The errors assigned by defendant, are three, and these:

Eirst, in excluding testimony tending to prove that defendant’s wife was holding under the outstanding title of Cheedle; second, in ignoring the right of the wife to enjoy her homestead; third, in instructing the jury to find for plaintiff.

Regarding the first assignment, there was nothing in the nature of legal evidence that Oheedle had any “outstanding title.” The offer of defendant to testify to it was clearly not the best evidence, supposing such evidence competent, as the deed of trust, if any, should have been produced, or, if destroyed, the record of it should have been offered, instead of oral testimony to prove the conveyance. [Turner v. Williams, 76 Mo. loc. cit. 618; Cooper v. Ord, 60 Mo. loc. cit. 430, et seq.]

But Oheedle was not a party to the suit, and although he was duly subpoenaed by plaintiff, failed to come forward and testify. If Oheedle was not a party to the suit, he could not be prejudiced by anything occurring in that suit. Besides, in the same offer of testimony of defendant himself, it was offered to be shown that after the decree of reformation and foreclosure aforesaid, Linzee, as the tenant of Vanhook, had been paying rent to the latter, until the occurrence of the decree, above mentioned, when he immediately “turned the property over to his wife, for Mr. Oheedle, her brother, since which time she has had control of the property, occupying it and controlling it for Mr. Oheedle who holds the past due mortgage.”

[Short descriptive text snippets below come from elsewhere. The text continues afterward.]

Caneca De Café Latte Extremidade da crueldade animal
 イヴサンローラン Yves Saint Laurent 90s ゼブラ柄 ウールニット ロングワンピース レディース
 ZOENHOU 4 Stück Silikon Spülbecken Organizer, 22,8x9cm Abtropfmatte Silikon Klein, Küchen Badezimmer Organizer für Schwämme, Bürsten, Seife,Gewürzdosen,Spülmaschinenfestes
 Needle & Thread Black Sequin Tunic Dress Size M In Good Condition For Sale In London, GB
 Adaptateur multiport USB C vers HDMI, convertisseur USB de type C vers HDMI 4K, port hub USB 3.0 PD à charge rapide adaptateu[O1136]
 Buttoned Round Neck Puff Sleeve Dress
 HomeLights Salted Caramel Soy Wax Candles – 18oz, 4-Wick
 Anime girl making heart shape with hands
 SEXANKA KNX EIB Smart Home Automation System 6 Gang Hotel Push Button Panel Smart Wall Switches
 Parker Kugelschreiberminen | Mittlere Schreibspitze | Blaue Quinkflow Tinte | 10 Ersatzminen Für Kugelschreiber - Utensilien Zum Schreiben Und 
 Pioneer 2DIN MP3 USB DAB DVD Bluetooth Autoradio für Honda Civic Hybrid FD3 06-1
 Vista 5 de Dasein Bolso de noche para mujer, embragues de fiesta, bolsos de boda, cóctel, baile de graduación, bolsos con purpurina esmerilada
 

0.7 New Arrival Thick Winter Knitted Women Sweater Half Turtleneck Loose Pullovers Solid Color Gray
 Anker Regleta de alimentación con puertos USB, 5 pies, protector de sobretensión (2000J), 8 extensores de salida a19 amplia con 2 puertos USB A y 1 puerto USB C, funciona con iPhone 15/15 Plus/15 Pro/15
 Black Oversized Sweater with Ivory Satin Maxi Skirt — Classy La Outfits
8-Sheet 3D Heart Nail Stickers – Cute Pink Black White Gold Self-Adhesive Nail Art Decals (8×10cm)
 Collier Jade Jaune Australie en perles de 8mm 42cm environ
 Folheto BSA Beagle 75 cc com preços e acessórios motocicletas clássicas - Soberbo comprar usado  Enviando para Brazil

But, as before stated, there was no evidence as to the existence of such mortgage or deed of trust; and more than that, such offered testimony was in direct conflict with what defendant and other witnesses had previously testified, that defendant himself had built the house on the property in question, in 1885 or 1886, and had lived in it ever since, with his wife and daughter. In these circumstances, the turning-over process of the property to his'wife after the reforming decree was entered, was, considering the antecedent circumstances mentioned in that decree, somewhat too diaphanous to be readily credible. And the decree of the court, though rendered in 1896, related to the date of the deed of trust which it reformed, to-wit, 1890, and left in defendant only an equity of redemption, having made the deed a valid lien, as between the parties, from the date of its execution. [Rhodes v. Outcalt, 48 Mo. 367; Fitch v. Grosser, 54 Mo. 267; 20 Am. and Eng. Ency. of Law (1 Ed.), p. 726.]

The deed of trust, then, having been reformed, and such reformation relating to 1890, as between the parties, was consequently executed at that date in contemplation of law, and this being the case, the Act of 1895, forbidding the sale of the homestead by the husband, without joining the wife in the deed, does not apply here. And, at the time the deed of trust was executed in 1890, defendant’s wife had only an inchoate right of dower in the property. And having such an inchoate interest in the property,, she was not a necessary party to the suit. This has been the rule in this State ever since Riddick v. Walsh, 15 Mo. 519.

As. the wife was not a necessary party to this suit, and was not made a party, the burden did not lie on defendant’s shoulders, to defend his wife’s supposed homestead rights.

The third assignment of error has already met with consideration. . We affirm the judgment.

All concur.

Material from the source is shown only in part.